Wie sich der Krieg in der Ukraine auf die Industrie auswirkt

Welche Effekte die EU-Russland-Sanktionen auf die Industrie haben und warum der tatsächliche Schaden noch nicht abschätzbar ist.

Der furchtbare Krieg in der Ukraine bedeutet nicht nur für die europäische Sicherheitsarchitektur eine Zäsur. Auch die international vernetzte Wirtschaft ist von den Auswirkungen des militärischen Konflikts in unterschiedlichen Dimensionen massiv betroffen. Wie stark, naturgemäß vom Grad der Verflechtung ab. Für Österreich ergibt sich dabei ein ambivalentes Bild.

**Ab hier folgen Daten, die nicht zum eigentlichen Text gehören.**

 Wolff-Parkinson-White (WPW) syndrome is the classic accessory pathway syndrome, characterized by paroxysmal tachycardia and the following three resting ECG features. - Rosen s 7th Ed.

Als zweitgrößter Investor ist Russland bedeutender Wirtschaftspartner, 650 heimische Unternehmen führen Niederlassungen im größten Land der Erde. Zu den rot-weiß-roten Lieferungen zählen bisher Maschinen und Anlagen, Pharmaerzeugnisse oder Lebensmittel. Umgekehrt importiert Österreich Gas, Öl und weitere Rohstoffe. In der Ukraine wiederum sind heimische Betriebe der sechstgrößte Auslandsinvestor und mit 200 Niederlassungen vertreten. Mit 190 Millionen Menschen sind beide Länder schon wegen ihrer Größe ein interessanter Markt. Dabei darf allerdings nicht das geringe ökonomische Gewicht beider Staaten übersehen werden: Trotz seiner 145 Millionen Einwohner liegt Russland beim globalen Vergleich der Wirtschaftsleistung (BIP) nur auf Rang 11 und damit zwischen Südkorea und Spanien. Die Ukraine reiht sich mit Rang 54 deutlich hinter Österreich (28) ein.

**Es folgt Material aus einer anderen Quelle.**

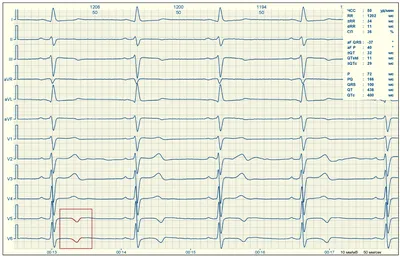 Зубец Т на ЭКГ - норма и патология - E-Cardio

Sinkende Nachfrage & Investitionen

Die ersten Sanktionen treffen vorwiegend die russischen Verantwortlichen und Staatsunternehmen – sowie in überschaubarem Ausmaß europäische und österreichische Betriebe. Der Schaden für die Industrie entsteht direkt durch einzelne Sanktionen, wie etwa Exportverbote für Hightech-Produkte. Die IV wies zudem auf die gravierenden indirekten Auswirkungen hin: Konkrete Beispiele dafür sind die sinkende Nachfrage, auf den Prüfstand gestellte Investitionen bis hin zu Unterbrechungen von Lieferketten, die bereits sehr früh zu Produktionsausfällen geführt haben. Wie weit die Sanktionsschraube gedreht wird, war bis Redaktionsschluss der aktuellen Ausgabe der „iv-positionen“ nicht absehbar. In der ORF-Diskussionssendung „Im Zentrum“ stellte IV-Präsident Georg Knill klar, dass Europa geschlossen gegen die Aggression auftreten müsse und alle sinnvollen Instrumente genutzt werden sollten, um Frieden herstellen. Dabei betonte er aber auch, dass die Maßnahmen sehr schmerzhaft für zahlreiche Unternehmen in Österreich seien. Entscheidend sei, dass trotz der Einschränkungen die Industrie am Laufen bleibe – schon im Interesse der Versorgungssicherheit im Land. Die IV sprach sich daher Anfang März deutlich gegen ein Gas-Embargo aus. Denn Österreich braucht diesen Energieträger, um Produktion, Beschäftigung und Wohlstand zu sichern (siehe Bericht auf Seite 4).

Wie wirken Sanktionen gegen Russland und helfen sie dabei, politische Ziele zu erreichen? Erste Schätzungen sprechen von einem Sinken der Wirtschaftsleistung um zehn bis 20 Prozent. Aktuell verhängt sind Finanzsanktionen, mit der die Finanzierung Russlands auf den internationalen Kapitalmärkten erschwert werden soll. Das Ziel ist, durch die Sperrung des EU-Luftraums und erschwerter Visa-Vergaben das größte Land der Erde international zu isolieren. Auch wenn auf Sicht die Beziehungen zu Moskau von diesem Krieg geprägt sein werden, darf die Brücke zum russischen Volk jedoch nicht zerschlagen werden.